Abstract:
An apparatus for projecting a laser beam at an angle to an axis and sweeping the laser beam around the axis around a conical surface having a selected slope is described. The apparatus may be used to aid in the alignment of structures having conical surfaces. The apparatus projects a laser beam along an axis onto a rotating deflection assembly. The deflection assembly contains two mirrors which are optically equivalent to the reflective faces of a pentaprism. Consequently, the angle of the deflected beam is relatively insensitive to vibrations of the deflection assembly. The angle of the deflected beam may be varied by tilting the two mirrors. The alignment of the mirrors is maintained as the mirrors are tilted by a linkage which includes a roller mounted to one of the mirrors which rides on a cam surface coupled to the other mirror. The adjustable mirror-alignment linkage may be used in other optical equipment.

Description:
FIELD OF THE INVENTION 
     This invention pertains to a apparatus for projecting a laser beam at an angle to an axis and sweeping the laser beam around the axis around a conical surface having a selected slope. The device may be used to aid in the alignment of structures having conical surfaces. This invention also pertains to a vibration insensitive apparatus for deflecting a laser beam through an angle. 
     BACKGROUND OF THE INVENTION 
     Laser levels are used in surveying and building construction. Such laser levels project a laser beam perpendicular to a vertical axis and rotate the laser beam around the axis. The plane of the laser beam is horizontal and can therefore be used as a reference elevation. 
     In building large conical structures, such as the floors of concentrators and digesters it is often important that the conical surface be symmetrical and have a uniform slope. This can be done with a laser level, by varying the height of the laser level and marking the desired elevations in concentric circles. There are many steps in laying out a conical surface with this method. Each step introduces a potential for errors. 

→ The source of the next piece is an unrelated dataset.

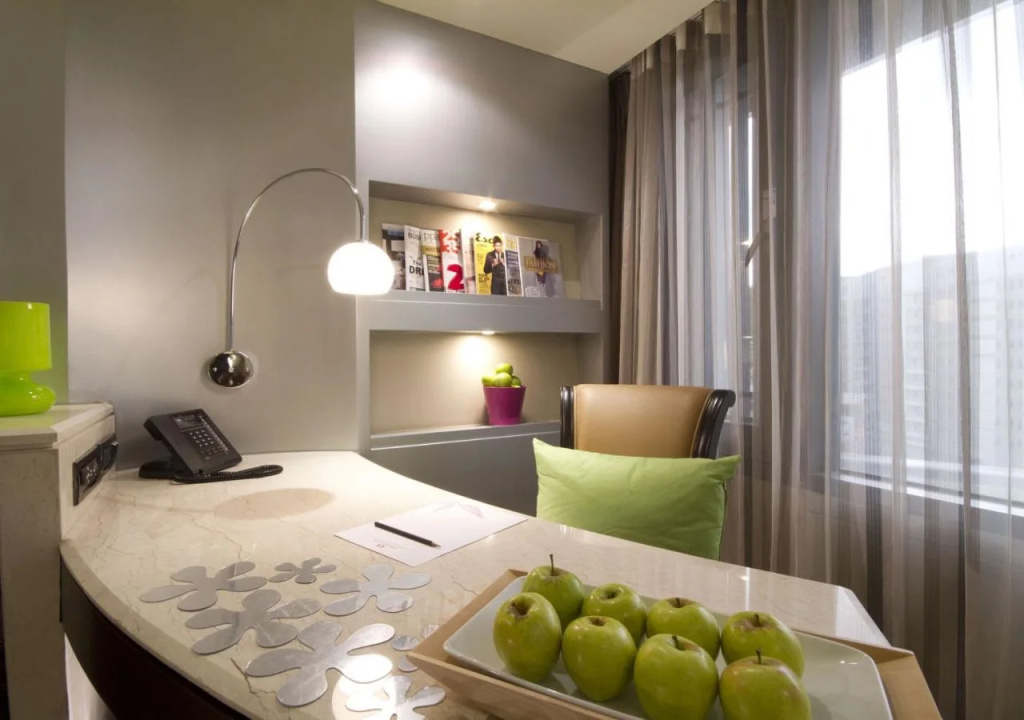 S Aura Hotel - 4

     Willetts, U.S. Pat. No. 5,142,788 discloses a laser compass which may be used for laying out large circles on surfaces, such as ceilings. The Willetts device includes a laser and a rotating mirror. The laser generates a laser beam which is projected along an axis onto the rotating mirror and is deflected by the rotating mirror. As the mirror rotates the deflected laser beam is swept around a cone-shaped surface. The accuracy of the device described in U.S. Pat. No. 5,142,788 may be impaired if the bearings on which the rotating mirror is mounted are not perfect. The device is therefore difficult to adopt for use in accurately aligning large conical surfaces where high precision is required without using prohibitively expensive bearings. 
     SUMMARY OF THE INVENTION 
     This invention provides an improved laser compass. The laser compass comprises: a base; a frame mounted to the base for rotation about an axis; a motor operatively associated with the frame for rotating the frame about the axis; a laser for projecting a laser beam along the axis; and deflection means for redirecting the laser beam at an angle to the axis to sweep out a cone. The deflection means comprises a first mirror on the axis pivotally mounted to the frame for deflecting the laser beam along a first line at a first angle to the axis; a second mirror on the first line pivotally mounted to the frame for deflecting the laser beam along a second line at an angle to the axis; and mirror pivoting means for setting angles of the first and second mirrors relative to the axis. The mirror pivoting means comprises: a cam surface coupled to the second mirror for pivoting with the second mirror; a first arm coupled to the first mirror for pivoting with said first mirror; and bias means for biasing a cam-contacting surface on the first arm against the cam surface. The first and second mirrors act in a manner analogous to the reflective sides of a pentaprism. The angle of the deflected laser beam relative to the axis is relatively insensitive to small movements of the rotating frame relative to the axis. 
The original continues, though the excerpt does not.